Running Good Meetings - phb71
https://meetric.app
======
phb71
So I've just started Meetric.app with 2 other co-founders. It's crazy to think
that despite your Outlook or Google calendar, there is still no widely adopted
tool(s) to manage your meetings. Logistics are looked after with
Calendly/Zoom/Doodle but nothing for the actual productivity/efficiency of
meetings through their lifecycle. It's even crazier when you think the cost of
a meeting with 6 engineers in it for just 30 minutes.

So we're looking to build a product to make meetings easier, for both the
organiser and the participants. It's a little bit like Asana or Trello. You
could do project management effectively before them, but you needed to have a
certain amount of discipline and training to do it well. With Asana, it's
suddenly really easy to do project management even if I'm not a trained,
certified project manager.

With meetings, it's kinda the same: you usually don't get any training on 'how
to run a good meeting' but you might still be a super-active organiser. And
it's not because people want to have bad meetings, it's because it's hard to
be disciplined (write an agenda, establish a goal, etc.), it's sometimes
socially awkward (doesn't feel like leaving the meeting in the middle of it if
you have nothing more to add) and sometimes people just don't know (don't know
how to facilitate or don't know I should send the meeting notes to X after).

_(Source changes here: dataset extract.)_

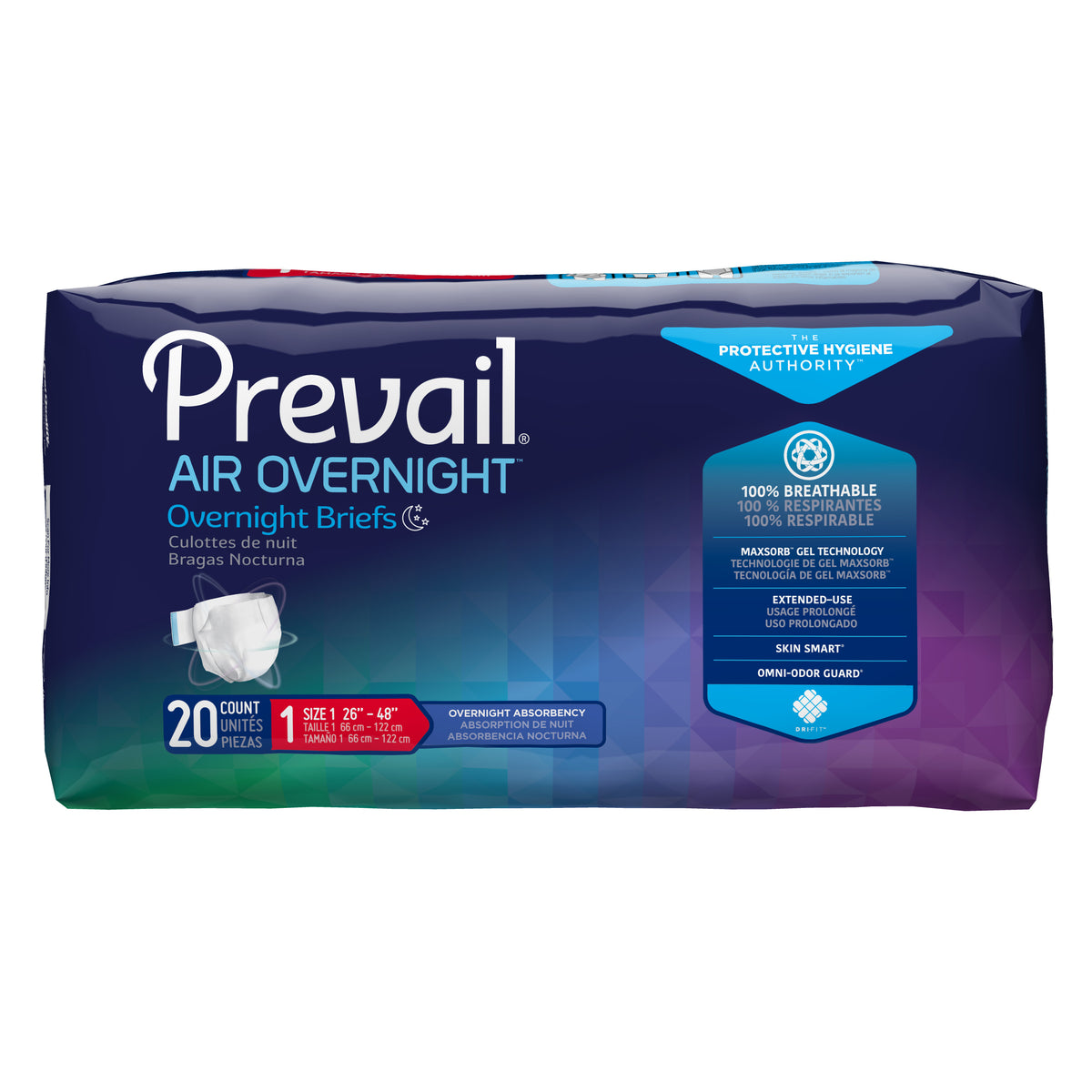 Prevail Air Overnight Briefs, Size 1/Medium - 26" - 48" - REPLACES: FQNGX012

So we're building our product to tackle the above, across the meeting
lifecycle: before/during/after. We got pre-seed funding and about to release
the MVP, targeting Outlook users first (usually bigger organisations: more
meetings, more pains) as we integrate directly into the Microsof365 stack with
an Outlook add-in.

At this stage, I would love any feedback and thoughts from the HN community.
And obviously, if you're interested in testing it out (Outlook user or not),
do sign-up!

------
jonathl42
Great idea! Attending meetings where the the host isn't super-disciplined is a
recipe for disaster. If this can help bring the standard up everywhere, and
make it easier for the host, I'm all over that!